A physicist applauds evidence for the quantum spin Hall effect.

I have been fascinated by the ballistic (collisionless) motion of charge carriers in solids since the start of my career. In practice this motion is often impeded by unavoidable impurities in the solid. But when it works, the charge carriers maintain their quantum properties while dissipating a minimum amount of energy.

Applying a strong magnetic field perpendicular to a two-dimensional conducting layer can accomplish the feat. Then, the quantum Hall effect kicks in, forcing the charges to the edges of the sample where they skip along in so-called 'chiral edge channels'. Backward scattering is virtually eliminated because that would require the charges to find a way to the opposite edge, where charges move in the opposite direction.

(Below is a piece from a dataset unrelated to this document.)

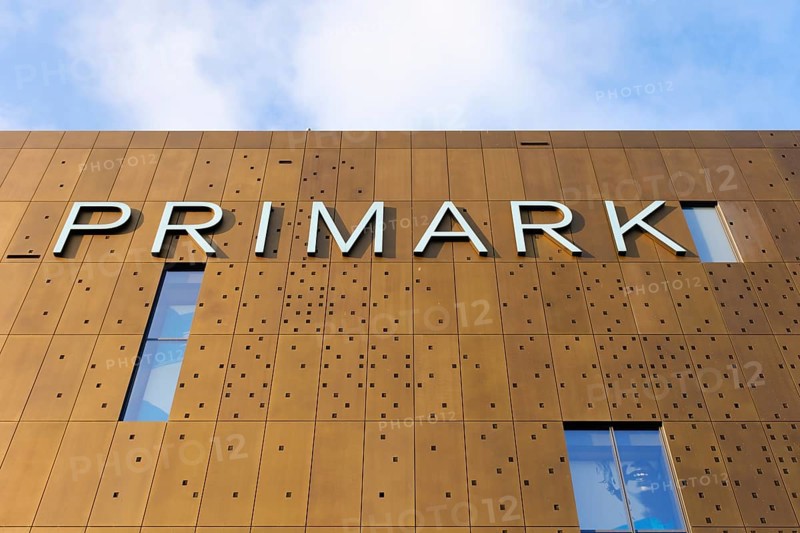 Primark, clothing shop, discounter, facade with sign and logo, Wuppertal, North Rhine-Westphalia, Germany, Europe
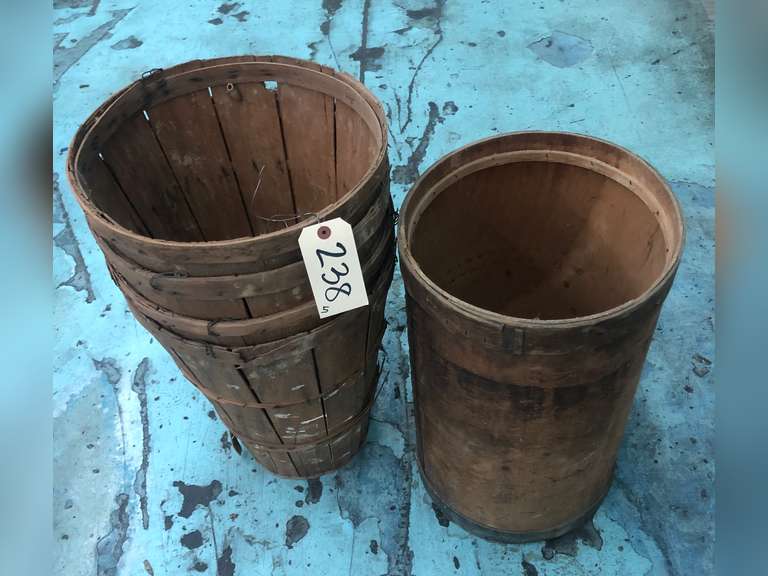 ASSORTED BASKETS AND WOODEN COLUMBIA ADVERTIZING BARRELL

Recently, Laurens Molenkamp of the University of Würzburg in Germany and his colleagues took a step towards verifying the quantum spin Hall effect (M. König et al. Science 318, 766–770; 2007). This is where chiral edge channels form spontaneously in semiconductor insulators with peculiar electronic structures — namely, where the valence band is energetically higher than the conduction band because of the strong spin-orbit interaction between electron spins and electron velocities. This means that spin-up electrons are carried only by edge channels moving in one direction and spin-down elections are carried by edge channels moving in the opposite direction.

Molenkamp's team used a thin layer of mercury telluride sandwiched between two layers of mercury cadmium telluride. Because measuring spin current is difficult, they recorded the conductance of this middle layer to verify the ballistic transport that characterizes edge-channel transport. It was quantized, as predicted.

With further verification, the finding could lead to low-power devices based on the transport of spins rather than charges. Thus a quirk in the scientific field I have always loved might find a practical application.